===== MATERIALS PROVIDED =====

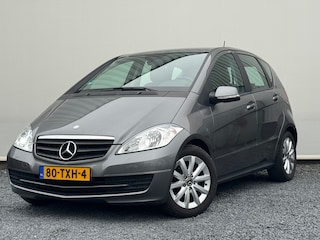 Mercedes-Benz A 160 Edition 125 Business AUT 95 PK 4-cilinder | Airco | Bluetooth | Cruise Control | Verwarmde Stoelen | Trekhaak | Lichtmetalen Velgen 16" |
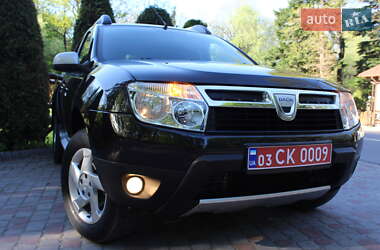 Внедорожник / Кроссовер Dacia Duster 2011 в 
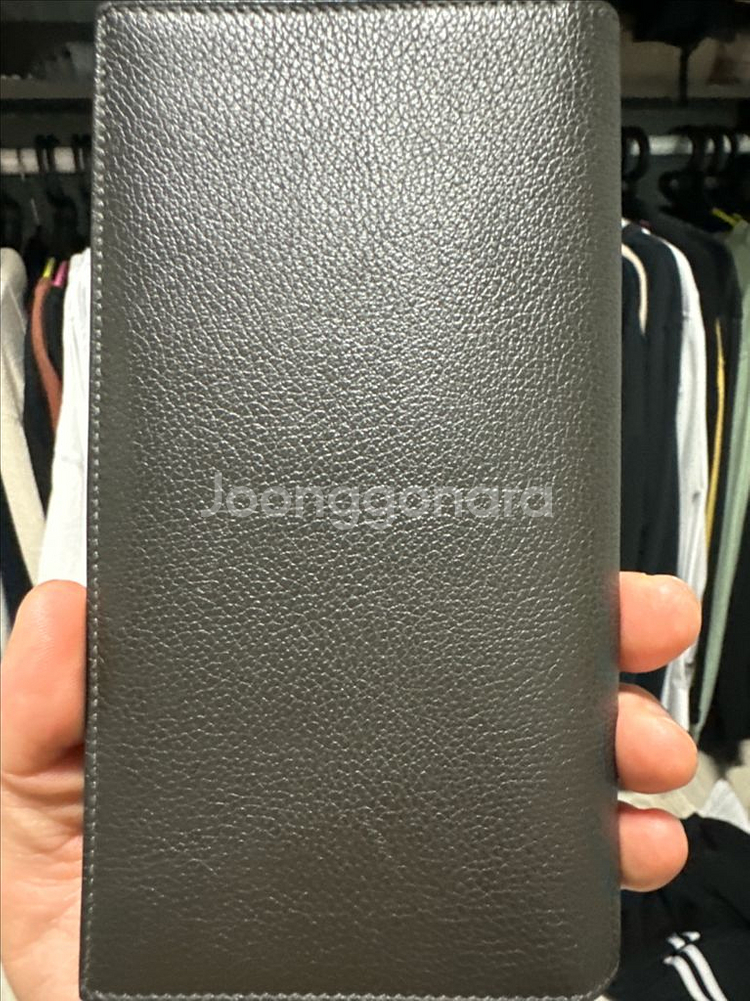 에르메스 시티즌 트윌 장지갑--1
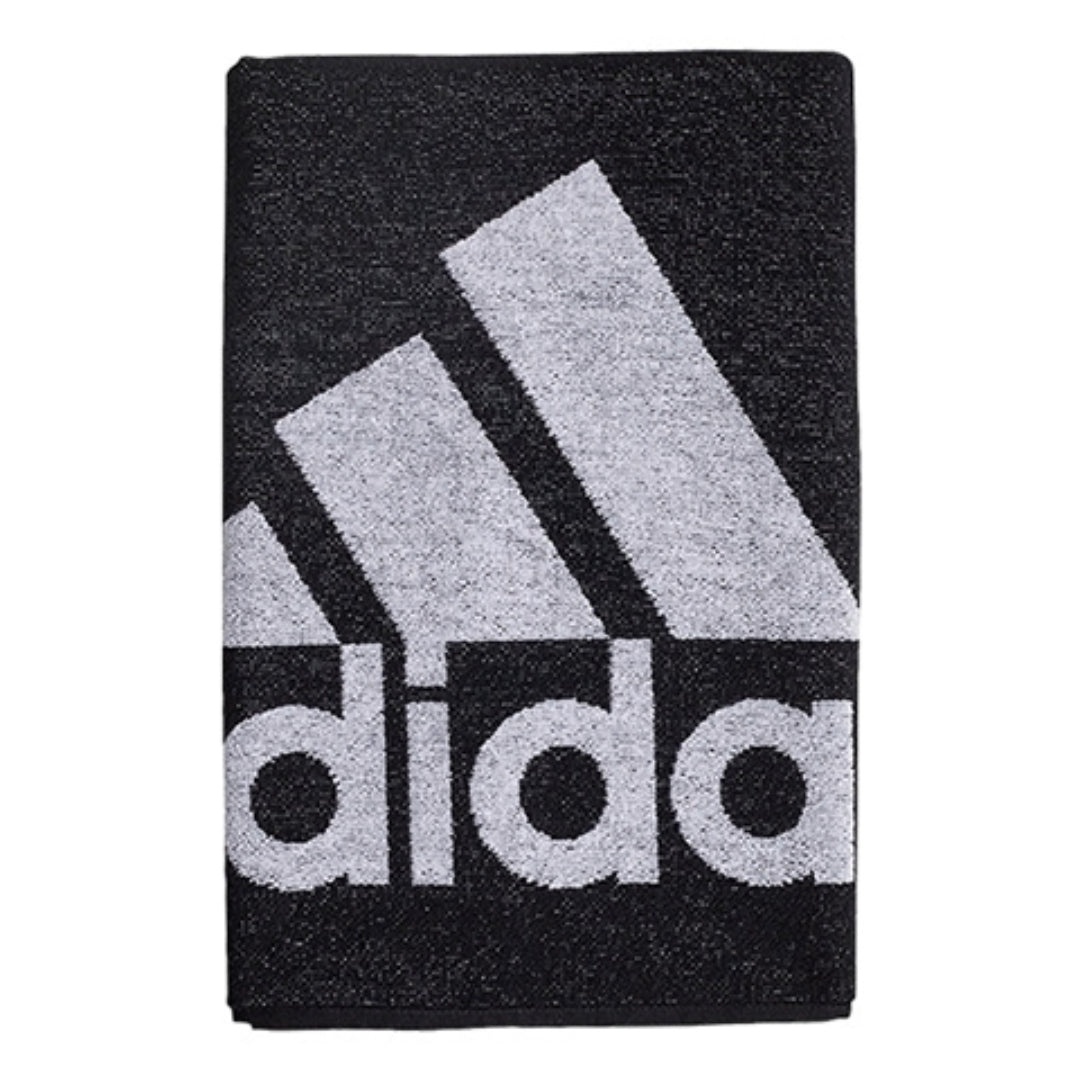 adidas Towel Small 'Black White' DH2860 - 2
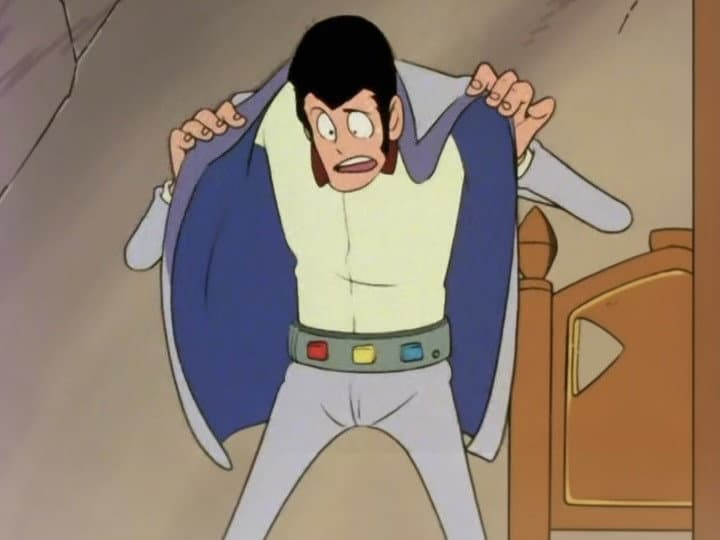 Still from ZenigataCon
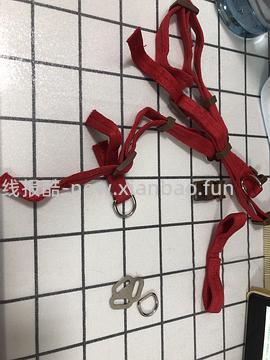 讨论/【教程】进阶版教程——如何将不到10块钱的牵引绳改造成100+的科学牵引绳 - 线报酷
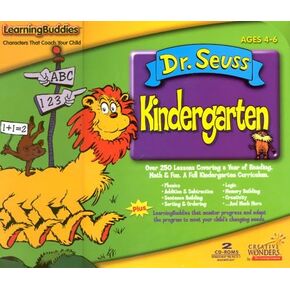 Dr. Seuss Kindergarten in Kuwait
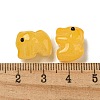 Handmade Transparent Glass Beads GLAA-N0028-01J-4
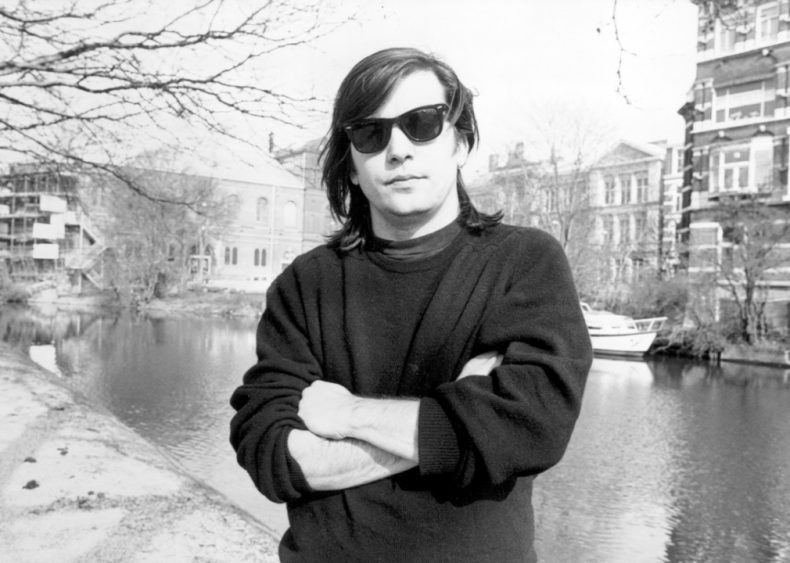 Steve Earle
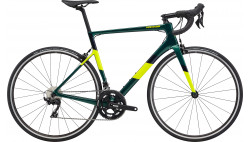 Велосипед 28" Cannondale SUPERSIX Carbon 105 рама - 58см 2021 EMR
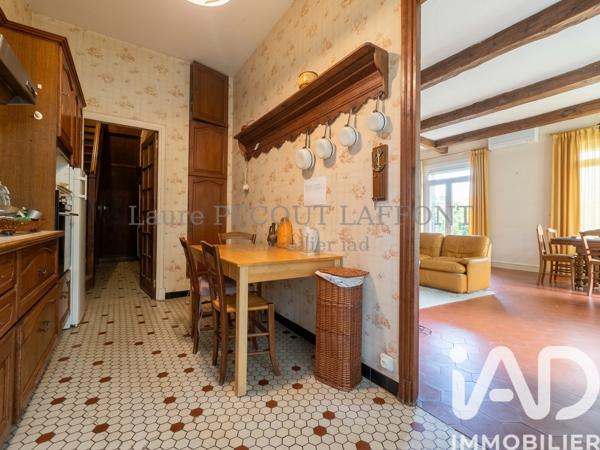 Maison à vendre 6 pièces 145 m² Toulouse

=====

EXERCISE REQUIREMENTS -
Restate each entry word for word; pictures stay out of the copy.

RESULT -
 Mercedes-Benz A 160 Edition 125 Business AUT 95 PK 4-cilinder | Airco | Bluetooth | Cruise Control | Verwarmde Stoelen | Trekhaak | Lichtmetalen Velgen 16" |
 Внедорожник / Кроссовер Dacia Duster 2011 в 
 에르메스 시티즌 트윌 장지갑--1
 adidas Towel Small 'Black White' DH2860 - 2
 Still from ZenigataCon
 讨论/【教程】进阶版教程——如何将不到10块钱的牵引绳改造成100+的科学牵引绳 - 线报酷
 Dr. Seuss Kindergarten in Kuwait
 Handmade Transparent Glass Beads GLAA-N0028-01J-4
 Steve Earle
 Велосипед 28" Cannondale SUPERSIX Carbon 105 рама - 58см 2021 EMR
 Maison à vendre 6 pièces 145 m² Toulouse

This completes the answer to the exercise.